Task instructions: In the entries below, every line with the string "write" is to be reported.

Excerpted records:

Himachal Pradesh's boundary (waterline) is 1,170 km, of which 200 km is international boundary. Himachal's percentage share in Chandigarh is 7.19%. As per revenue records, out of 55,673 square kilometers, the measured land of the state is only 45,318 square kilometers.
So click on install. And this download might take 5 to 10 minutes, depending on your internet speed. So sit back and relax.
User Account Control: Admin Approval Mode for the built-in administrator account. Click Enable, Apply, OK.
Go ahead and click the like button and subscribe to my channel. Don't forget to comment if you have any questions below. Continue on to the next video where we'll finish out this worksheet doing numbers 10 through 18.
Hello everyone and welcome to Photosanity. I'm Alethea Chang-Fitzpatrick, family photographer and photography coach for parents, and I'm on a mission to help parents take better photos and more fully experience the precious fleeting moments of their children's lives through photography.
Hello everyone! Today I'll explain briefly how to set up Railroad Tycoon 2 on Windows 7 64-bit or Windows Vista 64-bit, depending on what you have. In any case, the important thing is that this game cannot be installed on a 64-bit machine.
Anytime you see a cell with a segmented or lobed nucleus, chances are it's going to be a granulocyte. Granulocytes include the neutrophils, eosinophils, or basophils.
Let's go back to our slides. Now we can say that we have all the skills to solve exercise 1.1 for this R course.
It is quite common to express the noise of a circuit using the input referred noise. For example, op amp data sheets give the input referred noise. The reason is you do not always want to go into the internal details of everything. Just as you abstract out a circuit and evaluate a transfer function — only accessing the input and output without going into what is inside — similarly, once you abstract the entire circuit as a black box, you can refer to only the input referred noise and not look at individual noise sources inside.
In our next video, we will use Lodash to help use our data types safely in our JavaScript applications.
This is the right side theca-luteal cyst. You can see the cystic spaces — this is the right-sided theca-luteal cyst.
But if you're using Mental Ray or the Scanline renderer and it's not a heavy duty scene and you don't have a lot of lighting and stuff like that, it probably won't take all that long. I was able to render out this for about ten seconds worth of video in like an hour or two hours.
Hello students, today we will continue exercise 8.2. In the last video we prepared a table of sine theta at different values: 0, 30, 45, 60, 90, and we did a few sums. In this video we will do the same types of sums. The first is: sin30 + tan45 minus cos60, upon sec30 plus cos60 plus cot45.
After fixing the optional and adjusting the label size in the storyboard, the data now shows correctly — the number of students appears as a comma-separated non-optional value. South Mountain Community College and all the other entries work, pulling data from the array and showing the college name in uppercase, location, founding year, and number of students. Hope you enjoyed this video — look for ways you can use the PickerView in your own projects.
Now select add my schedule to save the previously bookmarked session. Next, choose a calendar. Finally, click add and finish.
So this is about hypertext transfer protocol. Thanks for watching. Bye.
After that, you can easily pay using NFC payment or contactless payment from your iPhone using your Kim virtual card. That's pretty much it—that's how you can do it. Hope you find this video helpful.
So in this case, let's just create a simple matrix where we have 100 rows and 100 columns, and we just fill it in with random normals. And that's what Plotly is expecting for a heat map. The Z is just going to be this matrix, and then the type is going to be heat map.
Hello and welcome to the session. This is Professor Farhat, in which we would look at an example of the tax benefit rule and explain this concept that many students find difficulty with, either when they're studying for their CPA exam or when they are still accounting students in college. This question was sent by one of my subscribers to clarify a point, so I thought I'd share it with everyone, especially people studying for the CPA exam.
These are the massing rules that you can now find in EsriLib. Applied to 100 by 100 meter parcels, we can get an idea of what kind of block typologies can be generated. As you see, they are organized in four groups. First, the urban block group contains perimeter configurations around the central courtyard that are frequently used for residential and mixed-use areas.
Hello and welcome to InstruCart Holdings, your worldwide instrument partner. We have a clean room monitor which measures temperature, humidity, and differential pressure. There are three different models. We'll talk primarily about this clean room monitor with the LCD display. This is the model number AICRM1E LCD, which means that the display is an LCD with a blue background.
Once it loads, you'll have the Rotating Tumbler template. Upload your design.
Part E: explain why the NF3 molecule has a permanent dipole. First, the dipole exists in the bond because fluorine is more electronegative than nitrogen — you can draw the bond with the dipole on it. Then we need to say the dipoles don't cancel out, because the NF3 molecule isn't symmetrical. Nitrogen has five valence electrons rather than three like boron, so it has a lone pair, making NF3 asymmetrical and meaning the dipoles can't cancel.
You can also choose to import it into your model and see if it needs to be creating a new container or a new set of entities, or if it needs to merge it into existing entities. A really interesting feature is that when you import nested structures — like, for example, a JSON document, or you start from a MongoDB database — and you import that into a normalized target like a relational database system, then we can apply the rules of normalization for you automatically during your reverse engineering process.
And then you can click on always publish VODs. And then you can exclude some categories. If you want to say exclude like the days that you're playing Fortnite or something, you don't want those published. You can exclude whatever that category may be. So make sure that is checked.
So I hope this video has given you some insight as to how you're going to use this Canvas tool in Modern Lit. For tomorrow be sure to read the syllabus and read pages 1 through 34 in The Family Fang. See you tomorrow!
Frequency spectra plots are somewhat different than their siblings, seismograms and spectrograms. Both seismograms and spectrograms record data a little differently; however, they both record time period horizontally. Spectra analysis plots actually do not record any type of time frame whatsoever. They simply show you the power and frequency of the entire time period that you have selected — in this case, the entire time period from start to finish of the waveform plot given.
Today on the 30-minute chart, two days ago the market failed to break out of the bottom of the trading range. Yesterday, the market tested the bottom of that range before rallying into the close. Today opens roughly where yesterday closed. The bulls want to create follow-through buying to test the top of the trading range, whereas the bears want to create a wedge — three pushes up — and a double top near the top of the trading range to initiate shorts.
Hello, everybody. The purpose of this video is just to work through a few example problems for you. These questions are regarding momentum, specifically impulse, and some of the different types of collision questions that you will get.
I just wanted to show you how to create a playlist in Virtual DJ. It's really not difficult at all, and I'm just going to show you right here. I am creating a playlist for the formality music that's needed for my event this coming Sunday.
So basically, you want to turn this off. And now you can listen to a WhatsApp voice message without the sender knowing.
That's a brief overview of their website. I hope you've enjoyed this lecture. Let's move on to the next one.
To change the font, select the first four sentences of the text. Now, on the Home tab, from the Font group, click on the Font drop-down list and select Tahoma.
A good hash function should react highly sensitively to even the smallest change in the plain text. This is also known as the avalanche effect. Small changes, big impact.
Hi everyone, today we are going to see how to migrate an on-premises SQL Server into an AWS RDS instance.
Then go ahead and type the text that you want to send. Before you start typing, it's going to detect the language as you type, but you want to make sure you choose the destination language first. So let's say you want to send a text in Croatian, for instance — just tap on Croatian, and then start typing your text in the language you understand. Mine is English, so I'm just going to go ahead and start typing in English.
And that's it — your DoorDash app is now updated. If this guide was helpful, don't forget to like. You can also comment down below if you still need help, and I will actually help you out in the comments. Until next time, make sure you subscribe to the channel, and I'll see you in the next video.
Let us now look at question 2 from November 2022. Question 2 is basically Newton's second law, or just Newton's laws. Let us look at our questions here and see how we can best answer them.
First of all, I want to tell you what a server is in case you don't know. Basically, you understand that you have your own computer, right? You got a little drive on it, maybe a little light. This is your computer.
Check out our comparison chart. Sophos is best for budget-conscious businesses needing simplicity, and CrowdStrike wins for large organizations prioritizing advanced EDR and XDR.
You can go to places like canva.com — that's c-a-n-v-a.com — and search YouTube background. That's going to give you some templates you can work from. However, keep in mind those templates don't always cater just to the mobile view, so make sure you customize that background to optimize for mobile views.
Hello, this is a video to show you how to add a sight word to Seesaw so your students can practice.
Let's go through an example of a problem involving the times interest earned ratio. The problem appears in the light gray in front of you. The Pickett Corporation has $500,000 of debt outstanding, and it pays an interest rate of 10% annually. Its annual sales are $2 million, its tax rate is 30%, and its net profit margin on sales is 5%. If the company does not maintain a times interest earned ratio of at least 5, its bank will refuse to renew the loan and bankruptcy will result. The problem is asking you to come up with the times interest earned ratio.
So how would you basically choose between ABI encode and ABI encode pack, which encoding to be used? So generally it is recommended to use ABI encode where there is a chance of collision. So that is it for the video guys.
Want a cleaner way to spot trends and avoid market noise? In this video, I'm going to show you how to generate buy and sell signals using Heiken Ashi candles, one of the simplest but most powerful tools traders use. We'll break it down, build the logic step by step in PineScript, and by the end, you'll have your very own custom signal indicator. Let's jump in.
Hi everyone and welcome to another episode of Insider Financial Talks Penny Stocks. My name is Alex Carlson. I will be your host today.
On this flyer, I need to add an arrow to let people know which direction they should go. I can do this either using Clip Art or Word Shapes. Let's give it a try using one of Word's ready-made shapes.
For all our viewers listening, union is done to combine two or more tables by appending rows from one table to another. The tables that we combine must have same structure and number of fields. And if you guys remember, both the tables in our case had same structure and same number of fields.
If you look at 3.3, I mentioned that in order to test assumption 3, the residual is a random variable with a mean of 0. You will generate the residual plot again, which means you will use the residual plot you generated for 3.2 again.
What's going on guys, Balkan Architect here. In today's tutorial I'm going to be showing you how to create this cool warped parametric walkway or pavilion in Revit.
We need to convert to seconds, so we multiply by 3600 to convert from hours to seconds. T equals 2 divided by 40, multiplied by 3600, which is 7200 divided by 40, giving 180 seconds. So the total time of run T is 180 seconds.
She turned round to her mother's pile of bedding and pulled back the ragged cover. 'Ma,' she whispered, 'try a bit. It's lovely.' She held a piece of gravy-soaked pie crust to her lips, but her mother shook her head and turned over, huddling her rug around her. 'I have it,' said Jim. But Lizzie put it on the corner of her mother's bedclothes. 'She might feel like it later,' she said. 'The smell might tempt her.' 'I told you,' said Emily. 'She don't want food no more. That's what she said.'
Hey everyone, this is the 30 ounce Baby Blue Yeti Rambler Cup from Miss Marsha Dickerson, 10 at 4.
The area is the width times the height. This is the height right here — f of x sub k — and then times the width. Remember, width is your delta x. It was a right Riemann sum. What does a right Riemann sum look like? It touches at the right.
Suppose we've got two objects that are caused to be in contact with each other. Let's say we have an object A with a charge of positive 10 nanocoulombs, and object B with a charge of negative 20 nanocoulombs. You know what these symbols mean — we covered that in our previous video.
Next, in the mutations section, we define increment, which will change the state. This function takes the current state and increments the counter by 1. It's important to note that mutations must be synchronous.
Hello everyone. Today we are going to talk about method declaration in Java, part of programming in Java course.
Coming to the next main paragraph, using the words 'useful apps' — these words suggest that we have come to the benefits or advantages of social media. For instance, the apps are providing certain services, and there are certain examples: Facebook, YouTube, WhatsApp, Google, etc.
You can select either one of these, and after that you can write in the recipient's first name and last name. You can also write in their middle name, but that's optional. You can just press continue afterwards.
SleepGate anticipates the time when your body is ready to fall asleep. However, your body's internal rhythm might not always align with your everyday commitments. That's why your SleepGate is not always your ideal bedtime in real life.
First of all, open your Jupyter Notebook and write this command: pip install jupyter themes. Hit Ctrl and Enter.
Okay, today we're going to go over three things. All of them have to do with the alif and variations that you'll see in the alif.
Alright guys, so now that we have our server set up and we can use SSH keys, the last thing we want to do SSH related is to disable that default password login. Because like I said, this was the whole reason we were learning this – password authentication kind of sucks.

Exercise answer:
You can select either one of these, and after that you can write in the recipient's first name and last name. You can also write in their middle name, but that's optional. You can just press continue afterwards.
First of all, open your Jupyter Notebook and write this command: pip install jupyter themes. Hit Ctrl and Enter.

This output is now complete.